Over the past 10 years, I have had two more children, become a dean of admissions, and started my own business while working full-time. I have learned that as ambitious as I thought I was before I had children, becoming a mom is the most motivating experience of all. In fact, my expectations increase as each year passes because I have something to prove to myself, my kids, and anyone who doubts a working mother’s potential.

Now that I am further along in my career, I wouldn’t think of hiding a pregnancy or hiding that I am a mom. Having three children defines me, and it has made me stronger and more confident than I ever was. My days are never predictable and this is part of my success story. It’s rare not to have a sick child, a school commitment, or a momentous event in one of my children’s life on any given day. Despite the “working from home” days and the phone calls in between the 50-yard breaststroke and the 50-yard backstroke of their swim meets, and the emails I write leading up to school drop-offs, I get a whole lot done. I usually wake up early and stay up late, but I have never been more productive.

I have grown tremendously since having children. I still have incredibly high standards for myself, my colleagues, and the students I work with. But I have learned to be flexible and forgiving of them and myself when things don’t go as planned. I often have less time to prepare for work projects. This has made me more efficient at what I do and more spontaneous as well. In my younger days, I used to memorize my speeches word-for-word. Now, I have a couple of key words that guide me through a speech. It’s the stories that I weave into the messages I hope to impart to my audience, and being a mom provides a treasure chest of examples.

I also recognize that being far from perfect gives me humility and empathy. Everything I do whether it’s sewing a button onto my son’s school uniform after he’s dressed, doing my younger and older daughter’s hair moments before the father-daughter dance, or interacting with a student who needs me, I am emotionally present. It adds time to my hectic day, but my kids and students feel like they are the most important beings when I am in the moment with them. I never imagined saying this in my younger days, but I am more patient and easily moved by our youth, and I believe this has come from being a mom.

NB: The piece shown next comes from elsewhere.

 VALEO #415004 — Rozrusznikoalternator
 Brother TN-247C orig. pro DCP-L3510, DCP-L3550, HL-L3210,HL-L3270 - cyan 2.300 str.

I used to need complete silence when I worked. I couldn’t even have the radio playing in the background. Now, I write articles, op-ed pieces, and prep for the videos I make for my business in my kitchen as three kids, a dog, and an array of events take place around me. The constant noise and activity infuses my work with a realness that I am forever grateful for. As I leave my job in a matter of weeks to pursue my business full-time, I am looking forward to the chaos of my life as a mom entering everything I do even more. My kitchen is my office. And, the chaos in it reminds me that life is not perfect, but change and children breathe life into our greatest accomplishments.

If I can write this with my six-year-old son squeezing a whoopee cushion in my ear, anything can be achieved. Becoming a parent changes us. Being a parent day in and day out changes us even more. This change unearths skills we never thought we had, and makes any success that much more impressive. So thank you, Max, for that whoopee cushion distraction. Thank you, Sophie, for trying to get him to stop. And, thank you, Dotsie Bea, for napping through all of it so that I could finally finish this piece. I never could have done this 10 years ago, and that’s why it means that much more.